WORK INSTRUCTION =>
Please repeat the whole listing exactly, but leave the pictures out.

RECORDED INFORMATION =>

========

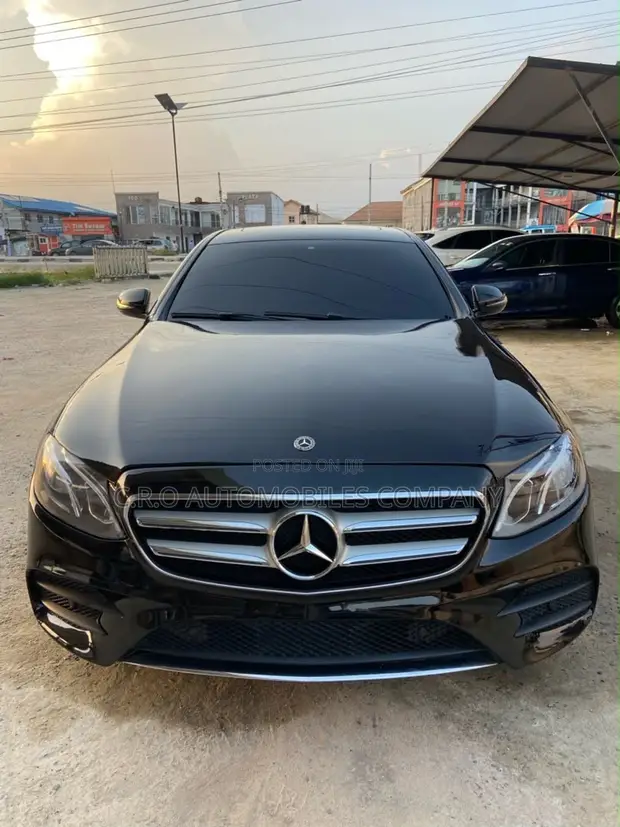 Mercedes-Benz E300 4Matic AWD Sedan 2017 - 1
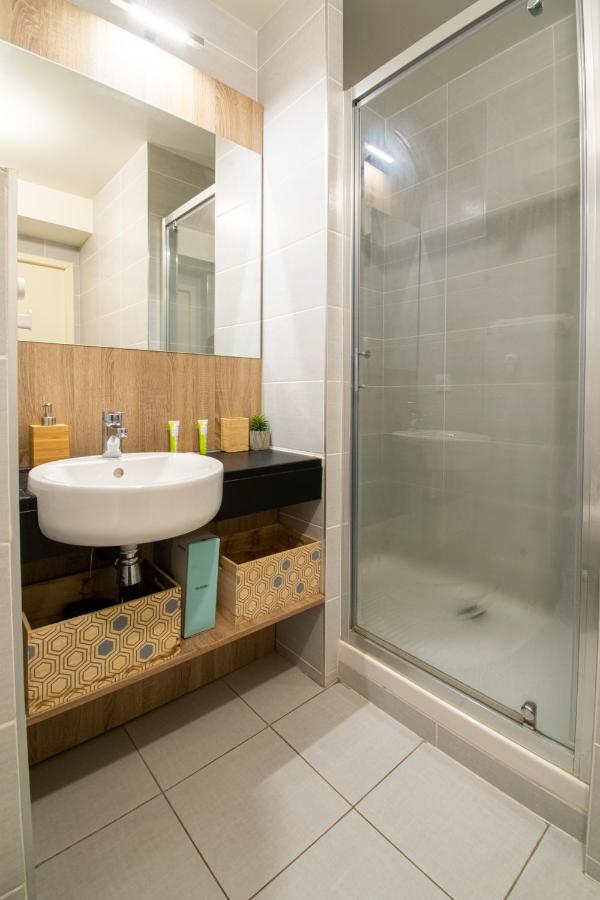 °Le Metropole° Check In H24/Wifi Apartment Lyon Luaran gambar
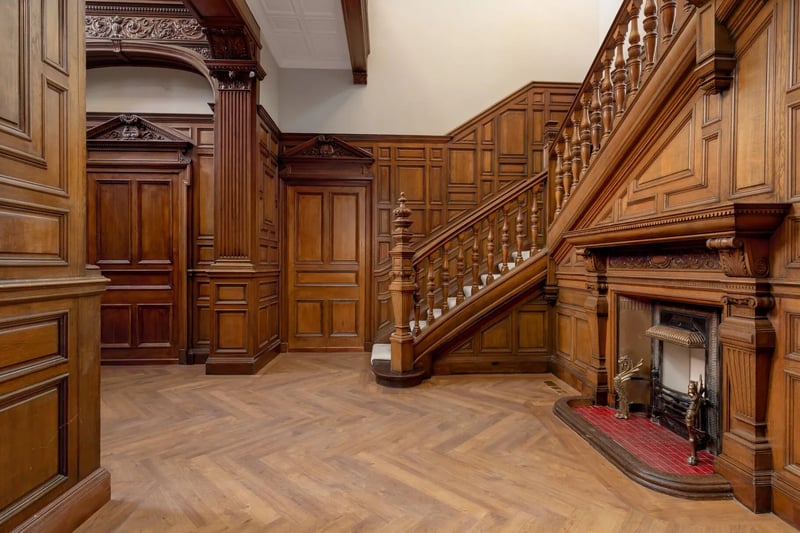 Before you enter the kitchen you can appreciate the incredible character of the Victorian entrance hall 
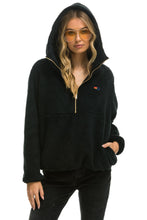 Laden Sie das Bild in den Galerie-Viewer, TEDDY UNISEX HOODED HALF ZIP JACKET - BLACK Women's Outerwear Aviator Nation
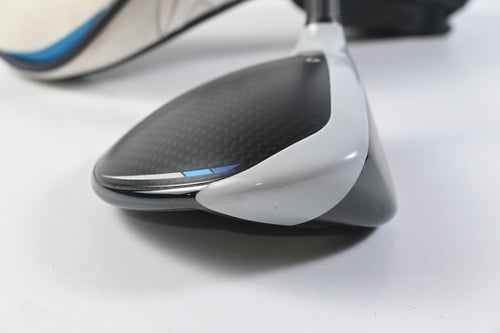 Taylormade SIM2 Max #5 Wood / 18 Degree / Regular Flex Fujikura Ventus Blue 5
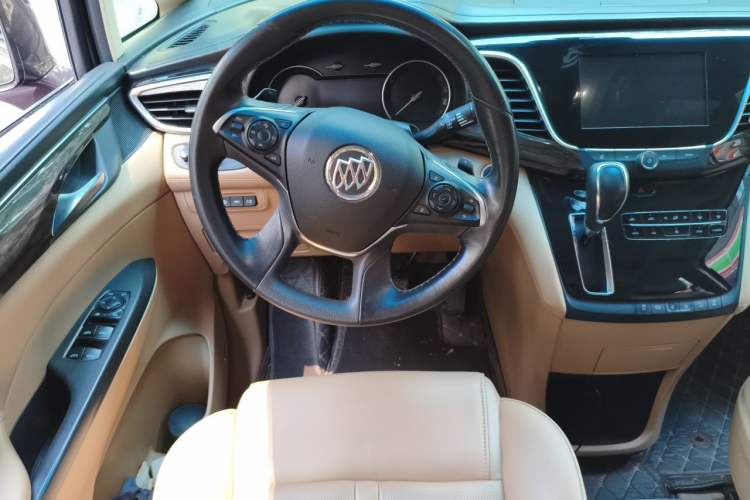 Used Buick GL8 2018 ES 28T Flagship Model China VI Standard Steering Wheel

========

YOUR SOLUTION =>
 Mercedes-Benz E300 4Matic AWD Sedan 2017 - 1
 °Le Metropole° Check In H24/Wifi Apartment Lyon Luaran gambar
 Before you enter the kitchen you can appreciate the incredible character of the Victorian entrance hall 
 Laden Sie das Bild in den Galerie-Viewer, TEDDY UNISEX HOODED HALF ZIP JACKET - BLACK Women's Outerwear Aviator Nation
 Taylormade SIM2 Max #5 Wood / 18 Degree / Regular Flex Fujikura Ventus Blue 5
 Used Buick GL8 2018 ES 28T Flagship Model China VI Standard Steering Wheel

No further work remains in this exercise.